Piece by piece, we keep building a body of work to fully exploit our the Commensurate Sales to Popularity Concept. Applying it to historical albums and young popular artists helped us to understand that album sales aren’t the only valid indicator of popularity both because of the impact of various compilations and of large singles sales. Now, it is time to apply this concept on a case that involves both situations combined to see how much it impacts our perception of each album popularity. One perfect example appears to be Madonna.
The American superstar had both strong singles sales all over her career as well as notorious compilations downgrading a lot catalog results of her original albums.
No one can seriously doubt Madonna popularity, just like no one can seriously argue against the fact she is the best selling female artist of all-time. One ranking on which she is often overshadowed by several of her peers yet is the best selling studio album by a female artist. Incredibly enough, Whitney Houston, Shania Twain, Alanis Morissette, Celine Dion, Adele, Mariah Carey, Britney Spears, Norah Jones and soon both Tracy Chapman and Carole King all have at least one studio album that outsold every Madonna studio set. The latter biggest seller, True Blue, ends up being pushed out of the all-time Top 10 female studio albums.

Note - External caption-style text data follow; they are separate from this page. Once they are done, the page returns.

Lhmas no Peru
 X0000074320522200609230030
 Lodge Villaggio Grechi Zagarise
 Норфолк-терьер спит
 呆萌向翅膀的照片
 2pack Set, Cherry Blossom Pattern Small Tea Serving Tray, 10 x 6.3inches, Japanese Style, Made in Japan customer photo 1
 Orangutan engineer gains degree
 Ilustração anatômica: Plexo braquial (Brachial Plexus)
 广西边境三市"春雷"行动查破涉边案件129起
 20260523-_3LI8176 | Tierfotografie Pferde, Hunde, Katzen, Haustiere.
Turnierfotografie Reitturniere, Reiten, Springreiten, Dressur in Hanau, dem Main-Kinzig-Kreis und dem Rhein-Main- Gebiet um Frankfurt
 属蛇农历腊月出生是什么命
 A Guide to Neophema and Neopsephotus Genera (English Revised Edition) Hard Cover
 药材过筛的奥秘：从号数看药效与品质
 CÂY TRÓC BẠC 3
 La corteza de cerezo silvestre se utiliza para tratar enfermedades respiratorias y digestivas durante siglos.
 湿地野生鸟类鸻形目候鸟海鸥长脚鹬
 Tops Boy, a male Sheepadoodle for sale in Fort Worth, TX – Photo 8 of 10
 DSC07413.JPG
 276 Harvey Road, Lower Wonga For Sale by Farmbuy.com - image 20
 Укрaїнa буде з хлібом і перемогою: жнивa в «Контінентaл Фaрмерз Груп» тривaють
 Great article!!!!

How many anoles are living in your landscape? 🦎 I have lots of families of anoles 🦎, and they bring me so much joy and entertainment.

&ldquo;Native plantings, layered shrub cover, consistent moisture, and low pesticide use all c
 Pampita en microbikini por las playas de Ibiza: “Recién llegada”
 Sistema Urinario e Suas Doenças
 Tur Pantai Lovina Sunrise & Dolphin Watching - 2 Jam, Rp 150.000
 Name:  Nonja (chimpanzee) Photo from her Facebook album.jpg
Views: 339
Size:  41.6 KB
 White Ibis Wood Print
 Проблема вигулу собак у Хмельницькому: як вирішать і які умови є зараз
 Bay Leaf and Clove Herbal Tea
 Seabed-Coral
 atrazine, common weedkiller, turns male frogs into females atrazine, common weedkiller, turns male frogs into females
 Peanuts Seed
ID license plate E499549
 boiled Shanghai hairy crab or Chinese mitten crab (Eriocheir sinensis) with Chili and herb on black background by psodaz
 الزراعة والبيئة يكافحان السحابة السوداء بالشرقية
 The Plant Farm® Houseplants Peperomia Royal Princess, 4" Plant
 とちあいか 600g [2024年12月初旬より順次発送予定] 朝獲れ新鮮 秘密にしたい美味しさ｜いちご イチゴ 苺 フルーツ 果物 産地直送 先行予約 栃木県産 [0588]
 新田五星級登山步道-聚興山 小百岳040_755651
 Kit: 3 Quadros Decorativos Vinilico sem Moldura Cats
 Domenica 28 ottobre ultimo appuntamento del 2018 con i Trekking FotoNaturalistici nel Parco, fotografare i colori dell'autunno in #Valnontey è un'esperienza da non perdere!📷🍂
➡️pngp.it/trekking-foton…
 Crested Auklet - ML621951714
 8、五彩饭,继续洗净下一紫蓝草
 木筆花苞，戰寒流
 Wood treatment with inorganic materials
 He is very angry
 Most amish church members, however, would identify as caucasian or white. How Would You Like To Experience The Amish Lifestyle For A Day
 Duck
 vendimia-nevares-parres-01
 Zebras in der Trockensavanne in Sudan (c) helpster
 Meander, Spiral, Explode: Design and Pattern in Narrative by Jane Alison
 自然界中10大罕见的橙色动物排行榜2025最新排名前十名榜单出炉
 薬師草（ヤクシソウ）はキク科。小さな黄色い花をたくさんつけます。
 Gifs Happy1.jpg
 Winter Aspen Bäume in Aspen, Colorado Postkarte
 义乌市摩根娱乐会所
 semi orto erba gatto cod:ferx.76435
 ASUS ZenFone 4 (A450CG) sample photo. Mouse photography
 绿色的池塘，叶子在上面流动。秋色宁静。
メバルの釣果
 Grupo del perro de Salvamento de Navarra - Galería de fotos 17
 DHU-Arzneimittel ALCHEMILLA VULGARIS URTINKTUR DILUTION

While an unexperienced eye would conclude that Madonna never really had a true massive hit album, others will notice most of those female artists had one standout album that was well other the par inside their own discography. This situation is clearly favorable to the one-off record that keeps getting enduring catalog appeal – which is precisely why Tracy Chapman and Carole King blockbusters are now passing by True Blue – while the extensive career of Madonna makes compilations more relevant to the casual buyer. In fact, the singer outsold all other previously mentioned females minus Celine Dion by over 2 to 1 in terms of compilation sales. No need to say she also outsold all those females in terms of physical sales by a considerable margin.
Thus, merging results of all her records ends up being absolutely necessary to properly define how successful – or unsuccessful! – her albums have been. If there is little doubt that True Blue would appear into a Top 10 most successful, in opposition to best selling, female studio albums list it is interesting to know how high it would be and if other Madonna albums can climb into those high waters as well.
As a reminder for users who are not yet familiar with the CSPC idea you do not need to worry, it is quite simple as it only consists in merging every format sales an artist has been getting and attributing them to respective studio albums. We will start by focusing on raw data, setting how much each Madonna album sold. Then, we will check sales of each track from those albums on each format – physical, digital and streaming – and weight them to value those figures on a par with album sales. To complete the study, we will study sales of the all compilations, live albums and music videos she dropped. Once all the raw data is set, we will only need to apply appropriate weighting to get the overall picture of Madonna career results.